Stepping out of their cars with new backpacks in hand, eager students greeted their teachers and friends as they returned to Albert Einstein STEAM Academy for the first day of school.
The charter school, serving students in kindergarten to sixth grade, is one of the last schools in the Santa Clarita Valley to welcome back its students in the fall.
On Wednesday, the STEAM Academy also welcomed its newest principal, Raffi Martinian, to the campus.
Martinian began the morning greeting students, speaking with parents, sharing morning announcements and offering words of encouragement to the school’s fifth and sixth grade students.
“As fifth and sixth grade students you guys are the leaders of this school,” he said to the crowd of students. “The other students are looking up to you and, because of that, you have to be on your best behavior every day.”
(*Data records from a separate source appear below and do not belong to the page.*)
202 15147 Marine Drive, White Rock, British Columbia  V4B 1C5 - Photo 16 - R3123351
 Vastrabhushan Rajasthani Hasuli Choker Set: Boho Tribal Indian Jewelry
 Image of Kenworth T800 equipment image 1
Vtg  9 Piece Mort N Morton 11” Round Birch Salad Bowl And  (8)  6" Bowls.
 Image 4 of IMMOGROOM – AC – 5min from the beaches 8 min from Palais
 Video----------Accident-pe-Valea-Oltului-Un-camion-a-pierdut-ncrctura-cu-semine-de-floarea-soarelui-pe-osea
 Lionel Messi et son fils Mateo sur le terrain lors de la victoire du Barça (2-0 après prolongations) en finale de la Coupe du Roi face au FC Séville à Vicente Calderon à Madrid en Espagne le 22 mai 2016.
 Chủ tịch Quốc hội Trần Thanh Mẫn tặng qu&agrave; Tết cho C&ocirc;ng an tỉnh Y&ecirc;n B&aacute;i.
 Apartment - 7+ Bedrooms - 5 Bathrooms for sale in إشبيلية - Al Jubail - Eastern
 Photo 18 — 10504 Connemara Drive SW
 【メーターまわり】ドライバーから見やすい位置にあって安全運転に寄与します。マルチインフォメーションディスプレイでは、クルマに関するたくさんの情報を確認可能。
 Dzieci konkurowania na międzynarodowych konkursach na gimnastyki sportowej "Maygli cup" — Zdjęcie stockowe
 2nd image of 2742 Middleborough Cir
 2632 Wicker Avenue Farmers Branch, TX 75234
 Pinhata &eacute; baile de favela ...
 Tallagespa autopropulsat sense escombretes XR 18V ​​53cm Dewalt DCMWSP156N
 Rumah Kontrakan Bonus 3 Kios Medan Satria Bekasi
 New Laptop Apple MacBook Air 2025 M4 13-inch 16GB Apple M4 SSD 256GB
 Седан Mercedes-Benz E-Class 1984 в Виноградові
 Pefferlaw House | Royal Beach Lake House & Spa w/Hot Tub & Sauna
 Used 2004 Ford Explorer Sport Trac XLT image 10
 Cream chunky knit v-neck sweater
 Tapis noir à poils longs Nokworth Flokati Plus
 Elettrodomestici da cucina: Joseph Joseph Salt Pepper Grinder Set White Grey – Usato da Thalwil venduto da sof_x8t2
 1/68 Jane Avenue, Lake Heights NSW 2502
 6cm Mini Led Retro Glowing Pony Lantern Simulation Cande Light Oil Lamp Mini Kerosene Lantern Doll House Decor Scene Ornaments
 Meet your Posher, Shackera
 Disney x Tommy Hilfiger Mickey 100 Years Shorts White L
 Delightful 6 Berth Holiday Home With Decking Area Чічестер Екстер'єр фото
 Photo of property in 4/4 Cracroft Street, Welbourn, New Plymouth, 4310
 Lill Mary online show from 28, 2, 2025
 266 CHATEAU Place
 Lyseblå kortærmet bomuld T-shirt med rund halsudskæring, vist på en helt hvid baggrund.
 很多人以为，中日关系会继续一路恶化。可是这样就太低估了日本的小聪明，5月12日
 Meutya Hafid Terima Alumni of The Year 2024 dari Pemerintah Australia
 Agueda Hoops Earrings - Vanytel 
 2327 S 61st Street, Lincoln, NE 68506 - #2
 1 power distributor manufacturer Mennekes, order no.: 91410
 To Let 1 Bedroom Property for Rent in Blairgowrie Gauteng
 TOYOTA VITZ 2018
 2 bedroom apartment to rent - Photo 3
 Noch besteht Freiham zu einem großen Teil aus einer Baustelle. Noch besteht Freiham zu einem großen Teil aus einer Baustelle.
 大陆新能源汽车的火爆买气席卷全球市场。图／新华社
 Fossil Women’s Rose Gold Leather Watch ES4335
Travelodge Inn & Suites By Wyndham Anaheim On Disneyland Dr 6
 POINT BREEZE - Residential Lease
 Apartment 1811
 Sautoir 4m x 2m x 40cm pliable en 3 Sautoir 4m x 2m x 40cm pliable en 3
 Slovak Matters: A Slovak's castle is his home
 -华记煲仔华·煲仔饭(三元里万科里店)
Although the first day of school was in September, Martinian said he and his staff have been preparing for the students for nearly two months.
“We’ve been here since I started about six or seven weeks ago,” he said. “We’ve been doing a lot of collaborative work in our school so we can have that extra time to implement a lot of great programs.”
This includes after-school enrichment courses like martial arts, instrumental music and crafts, and intramural sports during afterschool hours. The school is also working to develop more partnerships with the community and with parents to work with students on campus.
“Overall our goals are to put the students first, to make sure that they have everything that they need to be successful,” Martinian said. “We’re trying unique things, we’re trying different things, and that’s our ability as a charter school.”
As the school’s newest principal, Martinian hopes to create a program that is challenging, motivating and fulfilling while elevating the rigor and recognition of the STEAM Academy.
“I think the biggest thing is to elevate the rigor and elevate the program as a whole where ultimately rigor and recognition are our foundation and understanding that kids are going to do better when they’re safe and cared for,” Martinian said.
He also hopes to continue the charter school’s individualized programs and project-based learning structure.
“Our STEAM program is a phenomenal platform because we can have a lot of the standards-based learning and apply that learning to meaningful, authentic projects that connect with the community,” Martinian said. “The meaningful, authentic projects are something that other schools that other schools don’t have so that’s our identity.”
Martinian said this allows the students to take ownership of their work, apply their thinking and create something new.
“The kids get to be creative, they get to be themselves, they get to be collaborative and they get to ultimately use their critical thinking skills,” he said.